Please set down, unchanged, each line from the one with "Amazing 5 Bedroom" to the final line of the data below, both included. Drop the pictures.

**Data block**
_ _ _ _

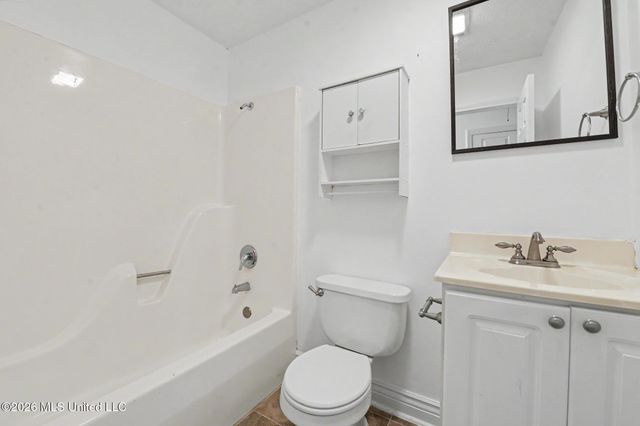 610 Waveland Avenue, Waveland, MS 39576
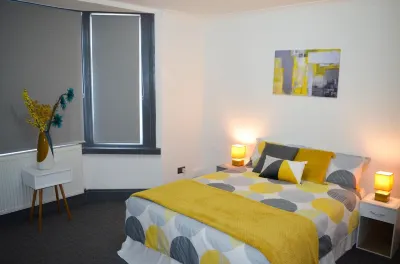 Amazing 5 Bedroom Home Away From Home Hotels near Heathrow Terminal 5 station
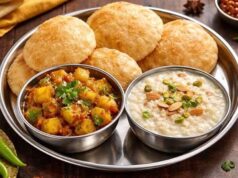 संडे लंच में बनाएं सूजी की फूली-फूली पूड़ियां और चटपटे मठ्ठे वाले आलू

_ _ _ _

**Task solution**
 Amazing 5 Bedroom Home Away From Home Hotels near Heathrow Terminal 5 station
 संडे लंच में बनाएं सूजी की फूली-फूली पूड़ियां और चटपटे मठ्ठे वाले आलू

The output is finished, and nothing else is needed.